Whale Rider (++): Definitely the biggest crowd-pleaser of this festival. A young girl, the granddaughter of a Maori chief, must prove herself to her grandfather who expects to pass the baton to a male. Lots of local color, including both leads and extras from the local population. Whale Rider is my choice for Best Director and Best Script of SIFF 2003, and the Fool Serious award winner for Best Script.
The Wild Dogs (no rating): This is a strange, very personal, very politically-correct tragedy studying Romanian society in the post-Communist period. An American pornography producer flies to Romania in hopes of filming child pornography, with the assistance of a corrupt Western diplomat, but repents and winds up more interested in the subculture of crippled and deformed beggars. In parallel subplots, the diplomat's wife "adopts" a legless street urchin, and a dogcatcher tasked with reducing Bucharest's epic population of feral dogs repents and attempts to futilely shield a few of them. I can't say that I enjoyed this film, but I don't think it is meant to be enjoyed. I have not rated this film since I saw it after zero sleep the night before (ballot-counting).

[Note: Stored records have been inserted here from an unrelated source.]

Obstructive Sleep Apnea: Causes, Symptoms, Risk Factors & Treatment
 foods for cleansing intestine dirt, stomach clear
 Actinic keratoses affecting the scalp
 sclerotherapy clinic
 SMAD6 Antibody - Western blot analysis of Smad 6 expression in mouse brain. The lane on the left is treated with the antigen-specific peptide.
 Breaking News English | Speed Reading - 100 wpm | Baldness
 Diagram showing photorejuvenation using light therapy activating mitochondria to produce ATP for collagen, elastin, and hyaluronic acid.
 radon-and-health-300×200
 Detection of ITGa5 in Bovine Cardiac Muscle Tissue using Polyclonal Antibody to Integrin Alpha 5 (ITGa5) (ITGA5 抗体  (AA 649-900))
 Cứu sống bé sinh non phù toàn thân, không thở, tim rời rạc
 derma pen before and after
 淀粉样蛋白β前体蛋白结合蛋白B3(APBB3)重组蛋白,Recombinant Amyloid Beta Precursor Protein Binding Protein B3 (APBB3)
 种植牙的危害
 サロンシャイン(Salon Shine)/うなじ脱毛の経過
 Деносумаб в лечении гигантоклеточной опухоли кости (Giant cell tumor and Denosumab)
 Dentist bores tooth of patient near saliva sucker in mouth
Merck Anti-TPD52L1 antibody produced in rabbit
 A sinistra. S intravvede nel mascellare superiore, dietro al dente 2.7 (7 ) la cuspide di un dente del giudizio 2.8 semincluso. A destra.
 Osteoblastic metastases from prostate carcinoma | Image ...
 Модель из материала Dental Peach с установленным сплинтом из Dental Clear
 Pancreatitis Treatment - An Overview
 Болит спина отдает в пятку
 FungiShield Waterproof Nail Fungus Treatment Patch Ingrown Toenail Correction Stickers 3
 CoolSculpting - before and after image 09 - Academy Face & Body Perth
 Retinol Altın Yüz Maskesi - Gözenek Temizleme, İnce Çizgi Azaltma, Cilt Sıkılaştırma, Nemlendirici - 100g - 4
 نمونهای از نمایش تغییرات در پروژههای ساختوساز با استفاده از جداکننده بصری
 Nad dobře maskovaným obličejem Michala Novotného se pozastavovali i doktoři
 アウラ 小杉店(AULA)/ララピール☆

Winged Migration (+): This documentary follows migrating birds, literally, with truly breathtaking aerial photography. If you liked Baraka, you'll like Winged Migration. Winged Migration is the most beautiful film I have seen in years, and beauty and majesty are what this is about. Don't go in expecting to learn about birds, this is pure art direction. Winged Migration is my choice for Best Cinematographer and Best Music of SIFF 2003.